Valerie Coleman-Page is an internationally acclaimed, Grammy-nominated visionary who commands a multi-faceted career as both flutist and composer. Recently named Performance Today's 2020 Classical Woman of the year, she is the flutist of the contemporary ensemble, Umama Womama, an alumna of Chamber Music Society of Lincoln Center Bowers Program (formerly known as CMS Two), laureate of Concert Artists Guild competition, and the creator/former flutist of the ensemble Imani Winds.

 


Listed as “one of the Top 35 Women Composers” by the Washington Post, Valerie has recently become the first African-American woman to be commissioned by the Philadelphia Orchestra and the Metropolitan Opera. Her work, UMOJA, was listed by Chamber Music America as one of the “Top 101 Great American Ensemble Works”. 

 


Portrait

miguel del aguila

Three-time Grammy nominated American composer Miguel del Aguila was born in Uruguay. In over 135 works that combine drama, driving rhythms and nostalgic nods to his South American roots, he has established himself among the most distinctive and highly regarded composers of his generation. His music enjoys over 200 performances yearly.
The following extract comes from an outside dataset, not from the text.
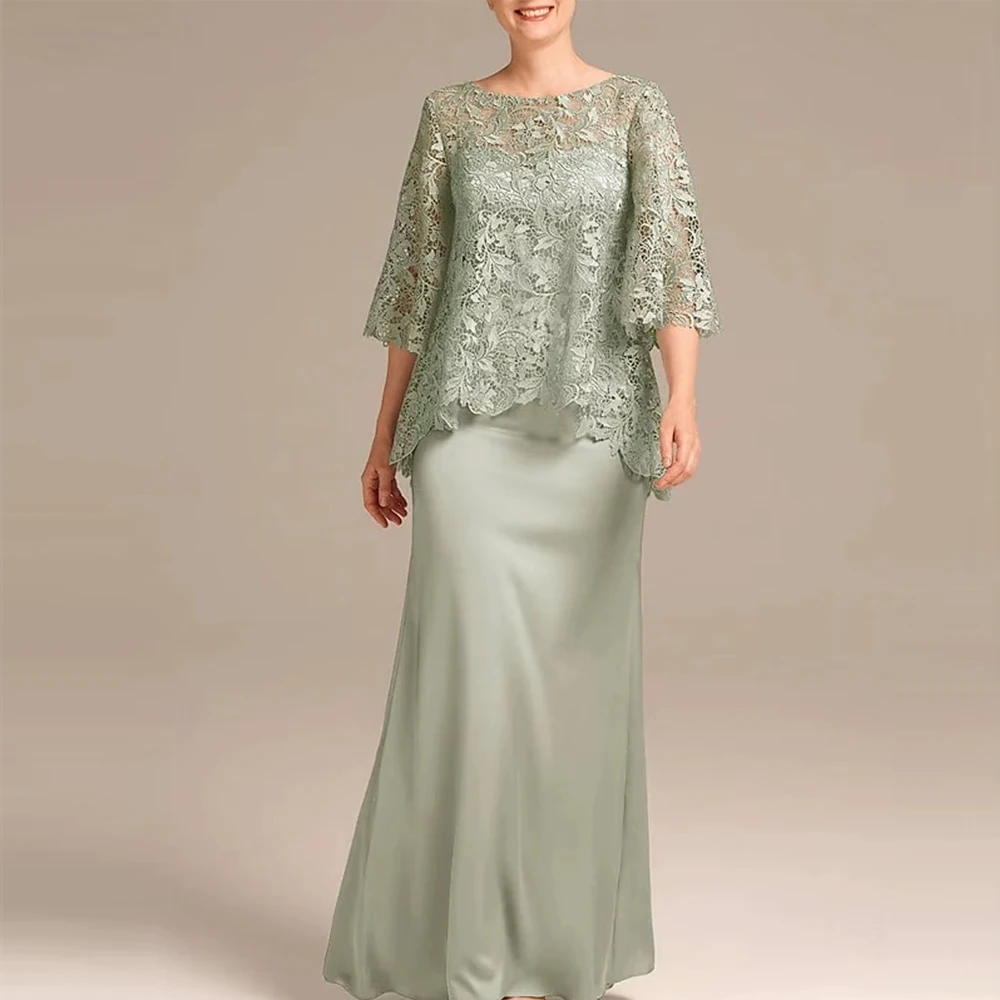 

Customized 2 Pieces Mother of The Bride Dresses with Lace Jacket Mermaid Satin Long Mothers of The Groom Wedding Party Dresses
He was 2021 composer in residence with Danish Chamber Players/Ensemble Storstrøm, after residences with Orchestra of the Americas, New Mexico Symph, Fresh Ink, CTSummerfest, Talis, and Chautauqua. 2021 commissions include works for Cuarteto Latinoamericano, Fivebyfive, and the Eroica Trio. He was honored with 3 Latin Grammy nominations, Kennedy Center Friedheim Award, New Music USA/Music Alive, Magnum Opus Award,  Lancaster Symph. Composer of the Year, and Copland Foundation among others.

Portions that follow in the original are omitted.